Alcuni potenti principi riescono ad ottenere la liberazione pagando risarcimenti anche di un miliardo di dollari. Altri resistono agli arresti. Alla fine in molti vengono scarcerati. Ma è un'operazione che solleva molte perplessità in Occidente.

Il giallo delle dimissioni del premier libanese
Proprio il 4 di luglio avviene sempre a Riad una vicenda misteriosa. Ancora oggi non si sa esattamente cosa sia accaduto. Saad Hairi, il politico sunnita fino a quel punto sostenuto dalla corona saudita per guidare il Libano, annuncia da una località sconosciuta di Riad le sue inattese dimissioni da primo ministro. Hariri viene trattenuto per alcuni giorni dai servizi di sicurezza sauditi. Corre voce, non confermata, che Bin Salman, non abbia gradito la collaborazione tra Hariri e gli Hezbollah (alleati dell'Iran) all'interno del Governo libanese di unità nazionale. E' una mossa che rischia di avere un grave impatto sui già precari equilibri mediorientali. Probabilmente qualche potenza occidentale interviene per mediare la crisi. Hariri torna a Beirut, resta premier. Ma i libanesi non dimenticato. Alle elezioni politiche -le prime in nove anni - avvenute lo scorso maggio è il blocco di Hariri a registrare i risultati peggiori. Molti elettori confessano di non aver apprezzato il caso Hariri, interpretato come un'ingerenza saudita negli affari interni del Libano.
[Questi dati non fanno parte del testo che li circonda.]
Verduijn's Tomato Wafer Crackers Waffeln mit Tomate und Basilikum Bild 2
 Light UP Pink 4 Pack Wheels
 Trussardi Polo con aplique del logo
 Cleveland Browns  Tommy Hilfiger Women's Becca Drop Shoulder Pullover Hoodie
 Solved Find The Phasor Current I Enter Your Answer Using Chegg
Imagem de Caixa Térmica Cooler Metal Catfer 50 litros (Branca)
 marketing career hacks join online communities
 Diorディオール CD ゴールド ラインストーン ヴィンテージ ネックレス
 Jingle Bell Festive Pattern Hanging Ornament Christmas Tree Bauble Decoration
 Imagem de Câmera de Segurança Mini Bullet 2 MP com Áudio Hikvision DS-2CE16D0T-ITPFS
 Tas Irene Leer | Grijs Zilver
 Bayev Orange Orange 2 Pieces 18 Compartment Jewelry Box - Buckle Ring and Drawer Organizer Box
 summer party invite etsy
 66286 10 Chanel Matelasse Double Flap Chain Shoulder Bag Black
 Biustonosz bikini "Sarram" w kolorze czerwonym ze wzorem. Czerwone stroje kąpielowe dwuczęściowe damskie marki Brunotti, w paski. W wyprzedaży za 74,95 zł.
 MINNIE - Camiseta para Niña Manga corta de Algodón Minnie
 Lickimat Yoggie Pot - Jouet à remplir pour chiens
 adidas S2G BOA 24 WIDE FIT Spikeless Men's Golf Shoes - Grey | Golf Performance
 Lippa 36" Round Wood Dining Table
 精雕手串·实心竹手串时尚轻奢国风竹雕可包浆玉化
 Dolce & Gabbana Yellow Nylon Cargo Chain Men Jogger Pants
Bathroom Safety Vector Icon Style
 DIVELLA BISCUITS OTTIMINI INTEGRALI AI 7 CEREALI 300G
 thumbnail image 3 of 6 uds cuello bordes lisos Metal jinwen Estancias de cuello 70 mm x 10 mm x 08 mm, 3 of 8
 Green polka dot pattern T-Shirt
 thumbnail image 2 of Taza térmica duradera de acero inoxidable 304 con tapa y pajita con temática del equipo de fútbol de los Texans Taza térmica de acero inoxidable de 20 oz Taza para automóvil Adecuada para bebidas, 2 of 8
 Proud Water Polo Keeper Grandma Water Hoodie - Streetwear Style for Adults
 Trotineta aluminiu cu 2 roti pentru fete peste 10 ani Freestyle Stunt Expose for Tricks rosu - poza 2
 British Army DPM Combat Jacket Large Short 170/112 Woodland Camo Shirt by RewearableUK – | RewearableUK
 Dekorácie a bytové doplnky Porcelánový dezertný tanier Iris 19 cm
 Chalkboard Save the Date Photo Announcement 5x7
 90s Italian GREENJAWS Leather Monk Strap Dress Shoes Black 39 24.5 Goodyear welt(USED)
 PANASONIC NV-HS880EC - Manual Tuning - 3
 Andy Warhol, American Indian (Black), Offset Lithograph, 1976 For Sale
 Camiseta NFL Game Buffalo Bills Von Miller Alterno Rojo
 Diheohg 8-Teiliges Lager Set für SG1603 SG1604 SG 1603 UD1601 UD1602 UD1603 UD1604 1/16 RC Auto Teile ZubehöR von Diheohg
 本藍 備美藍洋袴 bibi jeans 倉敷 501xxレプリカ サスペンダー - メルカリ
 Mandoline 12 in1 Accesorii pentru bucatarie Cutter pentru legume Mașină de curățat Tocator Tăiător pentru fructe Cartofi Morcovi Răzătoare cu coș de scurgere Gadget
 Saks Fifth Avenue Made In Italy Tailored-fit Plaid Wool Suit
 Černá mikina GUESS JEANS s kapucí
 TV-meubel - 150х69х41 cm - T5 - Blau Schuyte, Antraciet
Le riforme sociali del principe moderato

Nonostante i passi falsi sullo scacchiere politico mediorientale il principe Bin Salman si distingue in casa sua per le innovative riforme sociali che, per quanto ancora di impatto non rilevante, nessuno prima di lui aveva osato portare avanti. Mbs desidera che tali riforme sociali accompagnino il piano “Vision 2030 in modo da affrancare il regno saudita dall'immagine di Paese molto conservatore dove i diritti delle donne sono limitati in osservanza di una interpretazione particolarmente rigida dell'Islam, il wahabismo.
Dopo la revoca del divieto di guida per le donne, e dopo il permesso di assistere alle partite di calcio maschili negli stadi, in aprile autorizza la riapertura delle sale cinematografiche per le donne. Un altro passo in avanti sul cammino delle riforme. Ma agli occhi di molte grandi investitori sono ancora passi troppo piccoli e timidi. Le vere sfide sono altre.

Che fine ha fatto l'Ipo di Saudi Aramco?
Il progetto più complesso di Mbs è la quotazione del 5% della Saudi Aramco, la compagnia petrolifera saudita. Dall'Ipo più grande della storia Riad si attendeva di raccogliere 100 miliardi di dollari. Una somma ingente, necessaria a coprire in parte le spese del piano Vision 2030. Si può dire che Mbs fosse il padrino di questa Ipo, che nell'arco di pochi mesi aveva provocato delle grandi rivalità tra potenze occidentali, ma anche asiatiche, desiderose di ospitare sulle loro rispettive Borse la collocazione del 5% di Aramco.
Il piano era stato svelato a inizio 2016, e l'entusiasmo fu tanto, in tutto il mondo. Avrebbe dovuto aver luogo nel 2017. Poi il nulla. Ma secondo alcune fonti mediorientali il progetto è rimandato a tempo indeterminato, se non abbandonato.
Anche in questa vicenda c'è qualcosa di poco chiaro. Ma per un Paese che vuole mostrarsi riformatore, e attrarre ingenti investimenti stranieri, la trasparenza è un passaggio obbligato.